-- RAW DATA follows --
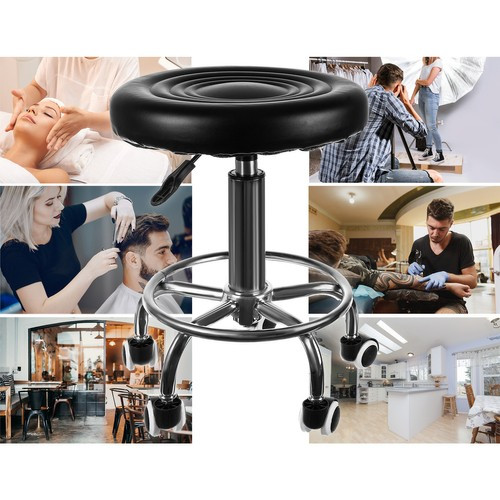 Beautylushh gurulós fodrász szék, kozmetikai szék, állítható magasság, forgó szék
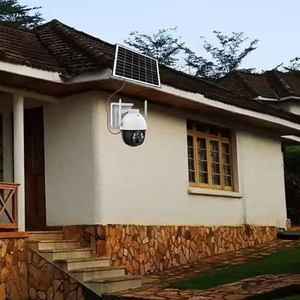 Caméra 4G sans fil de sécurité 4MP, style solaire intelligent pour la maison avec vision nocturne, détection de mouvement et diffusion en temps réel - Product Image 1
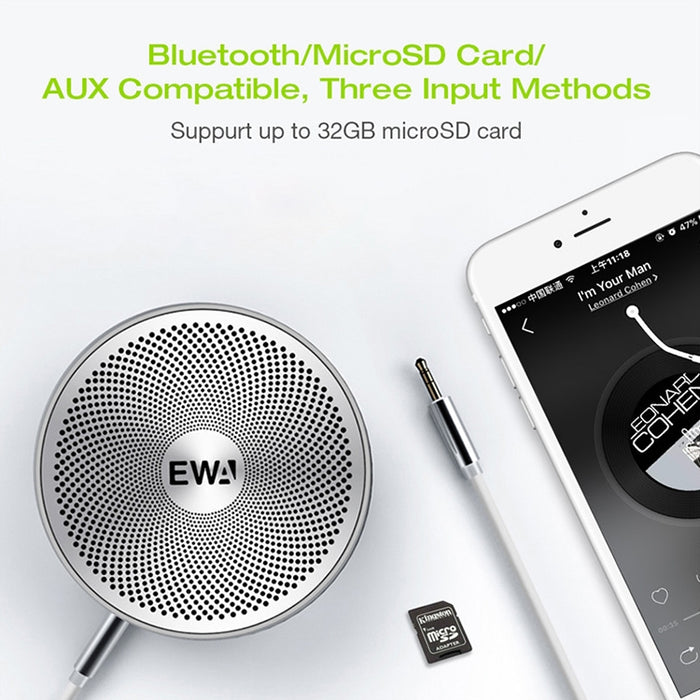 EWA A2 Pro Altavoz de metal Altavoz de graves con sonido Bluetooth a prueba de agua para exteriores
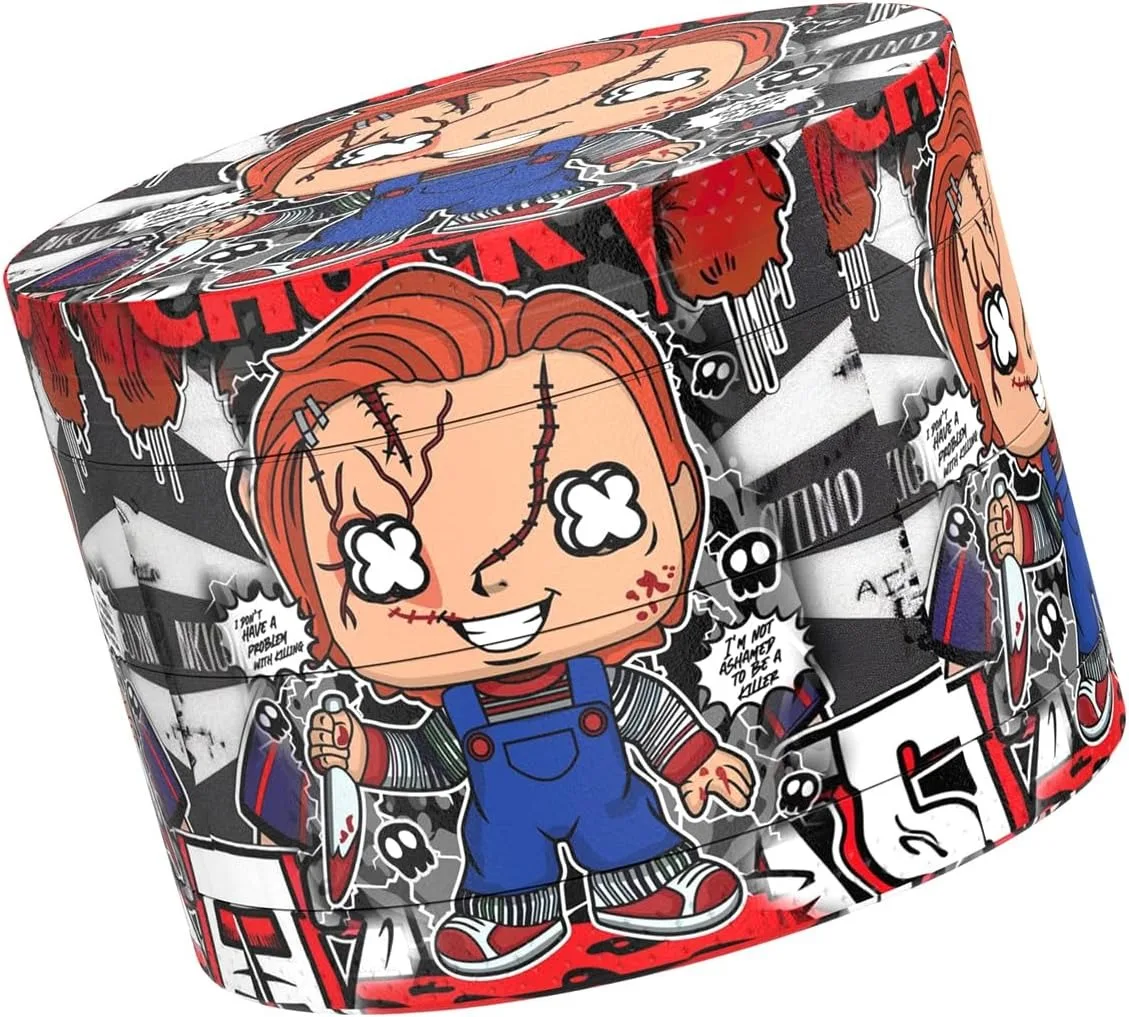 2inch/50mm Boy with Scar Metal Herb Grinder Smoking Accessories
-- RAW DATA concluded --
From the line that contains "EWA A2 Pro Altavoz" to the end of the listing, give every line again exactly as written. Leave the pictures out.

▸ SOLUTION FOR THIS TASK:
 EWA A2 Pro Altavoz de metal Altavoz de graves con sonido Bluetooth a prueba de agua para exteriores
 2inch/50mm Boy with Scar Metal Herb Grinder Smoking Accessories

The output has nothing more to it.